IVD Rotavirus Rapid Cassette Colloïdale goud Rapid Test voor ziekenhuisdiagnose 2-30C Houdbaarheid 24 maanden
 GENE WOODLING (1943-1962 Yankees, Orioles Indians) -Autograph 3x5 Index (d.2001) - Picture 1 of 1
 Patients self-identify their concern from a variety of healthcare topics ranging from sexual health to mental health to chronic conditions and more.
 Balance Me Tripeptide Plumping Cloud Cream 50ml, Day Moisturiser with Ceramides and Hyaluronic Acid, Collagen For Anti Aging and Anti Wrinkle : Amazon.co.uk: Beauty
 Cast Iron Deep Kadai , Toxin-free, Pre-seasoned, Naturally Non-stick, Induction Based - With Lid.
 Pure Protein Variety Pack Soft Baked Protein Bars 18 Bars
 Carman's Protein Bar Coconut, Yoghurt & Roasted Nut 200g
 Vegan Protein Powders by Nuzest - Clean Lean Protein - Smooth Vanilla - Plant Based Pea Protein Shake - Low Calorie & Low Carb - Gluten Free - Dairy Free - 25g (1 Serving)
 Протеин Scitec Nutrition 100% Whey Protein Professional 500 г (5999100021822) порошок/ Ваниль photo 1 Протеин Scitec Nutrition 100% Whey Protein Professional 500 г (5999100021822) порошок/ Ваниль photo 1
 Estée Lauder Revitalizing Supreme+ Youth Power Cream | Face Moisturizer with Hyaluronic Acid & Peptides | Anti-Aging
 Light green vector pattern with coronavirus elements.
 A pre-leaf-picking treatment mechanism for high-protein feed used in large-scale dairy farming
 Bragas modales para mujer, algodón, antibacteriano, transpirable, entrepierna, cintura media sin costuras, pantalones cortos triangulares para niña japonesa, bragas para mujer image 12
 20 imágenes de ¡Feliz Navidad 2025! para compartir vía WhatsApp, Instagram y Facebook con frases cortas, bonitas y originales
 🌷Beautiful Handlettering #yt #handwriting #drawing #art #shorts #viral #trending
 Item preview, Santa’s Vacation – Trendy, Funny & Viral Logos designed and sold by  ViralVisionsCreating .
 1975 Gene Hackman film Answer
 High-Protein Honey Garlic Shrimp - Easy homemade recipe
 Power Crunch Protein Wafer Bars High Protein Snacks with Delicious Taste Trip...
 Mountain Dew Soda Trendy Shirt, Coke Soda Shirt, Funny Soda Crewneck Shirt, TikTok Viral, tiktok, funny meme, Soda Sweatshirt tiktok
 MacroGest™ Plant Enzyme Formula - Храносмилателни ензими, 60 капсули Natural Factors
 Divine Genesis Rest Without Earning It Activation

###

▸ Task instructions: Your answer should be a single number, the count of lines in the listing that contain "Trendy".

▸ Response area: 2